L’opération s’inscrit dans l’extension de la Série B de 100 millions d’euros menée par Future French Champions, AVP et Bpifrance. Le montant investi par NVIDIA n’a pas été dévoilé, mais l’intérêt du groupe américain dépasse largement la logique financière. Depuis plusieurs années, le quantique est présenté comme la prochaine rupture technologique majeure après l’IA. Pourtant, malgré les annonces successives des industriels et des gouvernements, le secteur reste confronté à une réalité technique brutale : les ordinateurs quantiques demeurent extrêmement instables, coûteux et difficiles à industrialiser. C’est précisément sur ce verrou qu’Alice & Bob tente de construire son avantage.
La société, fondée à Paris développe une architecture dite “cat qubit”, conçue pour réduire intrinsèquement les erreurs quantiques. L’objectif consiste à limiter drastiquement le nombre de qubits physiques nécessaires pour obtenir des calculs exploitables à grande échelle. La startup affirme désormais pouvoir réduire jusqu’à 200 fois les besoins matériels comparés à certaines approches concurrentes.
Depuis 2024, NVIDIA et Alice & Bob collaborent déjà sur CUDA-Q, cuQuantum, Dynamiqs et NVQLink, les briques logicielles et matérielles destinées à connecter calcul quantique et infrastructures GPU classiques.
Dans cette perspective, les futurs ordinateurs quantiques ne fonctionneront pas de manière autonome, et seront intégrés dans des architectures hybrides mêlant GPU, simulation, orchestration logicielle et processeurs quantiques spécialisés. Le quantique viendra se brancher sur les infrastructures actuelles.

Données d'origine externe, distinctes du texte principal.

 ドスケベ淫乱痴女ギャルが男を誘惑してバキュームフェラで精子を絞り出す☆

La logique rappelle fortement ce qui s’est produit dans l’IA. OpenAI, Anthropic ou Mistral AI développent les modèles, mais l’infrastructure critique reste largement contrôlée par NVIDIA : GPU, frameworks, optimisation logicielle et interconnexions. Le groupe américain semble désormais vouloir occuper la même position dans le quantique.

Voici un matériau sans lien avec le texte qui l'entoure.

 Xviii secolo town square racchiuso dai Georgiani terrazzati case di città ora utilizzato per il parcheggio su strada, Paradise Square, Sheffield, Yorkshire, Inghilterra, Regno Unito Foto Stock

L’annonce de cet investissement arrive dans un contexte de forte accélération géopolitique, avec notamment les annonces de Donald Trump hier sur un investissement de 2 milliards de dollars et celle d’Emmanuel Macron ce jour visant à étendre le premier plan quantique français lancé en 2021, convaincus que le quantique deviendra une infrastructure critique pour la défense, la chimie, l’énergie, la cybersécurité ou la finance.
L’enjeu pour l’Europe est d’éviter le scénario déjà observé dans le cloud ou l’IA, où les couches technologiques dominantes ont finalement été captées par des groupes américains.
C’est probablement là que se jouera la prochaine bataille industrielle. Car derrière la promesse scientifique du quantique se profile déjà un affrontement beaucoup plus classique pour le contrôle des plateformes, des environnements logiciels, des centres de calcul hybrides et des futures infrastructures critiques de l’économie numérique. Une logique qui commence à ressembler fortement à celle observée dans l’intelligence artificielle, où la domination ne s’est pas construite uniquement sur les modèles, mais sur la maîtrise de l’ensemble de la stack technologique.